One of the key distinguishing feature between an independent and dependent contractor, particularly for employers, is that dependent contractors are owed reasonable notice upon dismissal. As reported by the Toronto Star, the distinction between the classifications is very important.

The question at issue in a recent case before the Ontario Court of Appeal (reported on by the Star in the link provided above) was the point in time at which a worker’s “exclusivity” of work with a particular employer is to be assessed. Although the employees in question had 32 and 25 years of service with the employer, respectively, in their final two years of employment they began working for a competitor. The employer argued that this should be taken into consideration when assessing whether there was an exclusive relationship between the employer and employee.

The Court of Appeal upheld the trial judge’s decision, which used a holistic approach to determining the exclusivity relationship. Since the reason for assessing exclusivity is to understand the degree of economic dependency on an employer, the trial judge correctly examined the entirety of the employees’ relationship with the employer to determine that they were in an exclusive relationship, thus they were dependent contractors that required reasonable notice damages upon dismissal.

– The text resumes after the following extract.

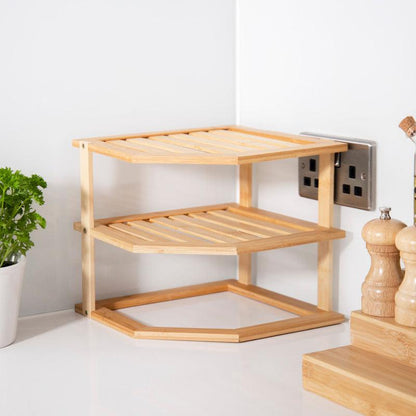 Copco Bamboo 3-Tier Kitchen Corner Storage Shelf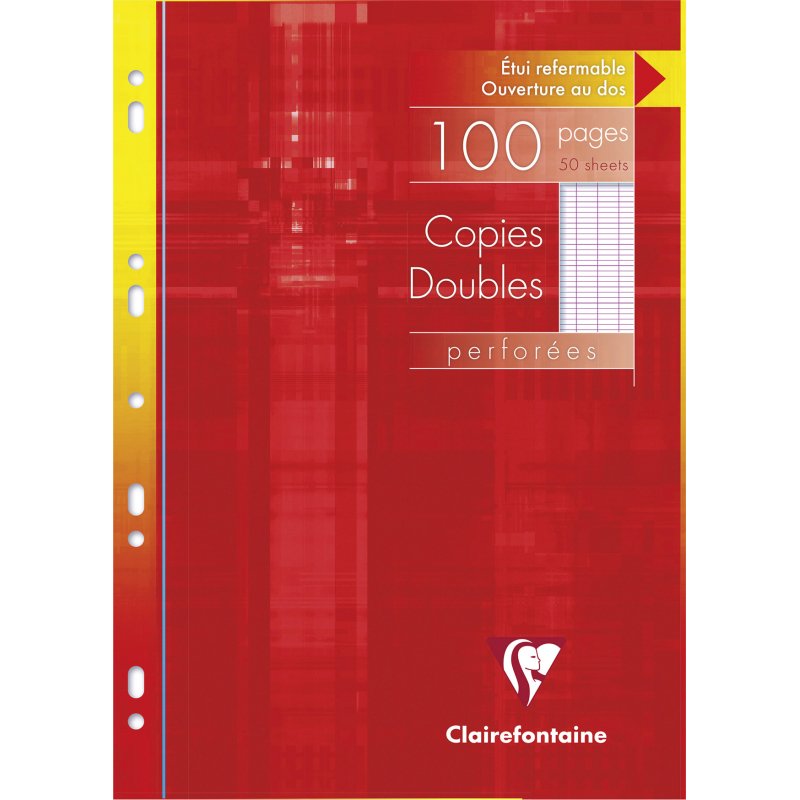 Copies doubles 100 pages séyès 90g format A4 21 x 29,7 cm Metric Clairefontaine - perforées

Exclusivity is not a black and white issue. This decision reminds employers that they must be aware of how frequently they seek the work of independent contractors. If a contractor is gradually reducing their remuneration from sources outside of the employer over time, that contractor may have the requisite level of dependency such that they can demand reasonable notice upon dismissal as a dependent contractor.

Written with the assistance of William Goldbloom, articling student.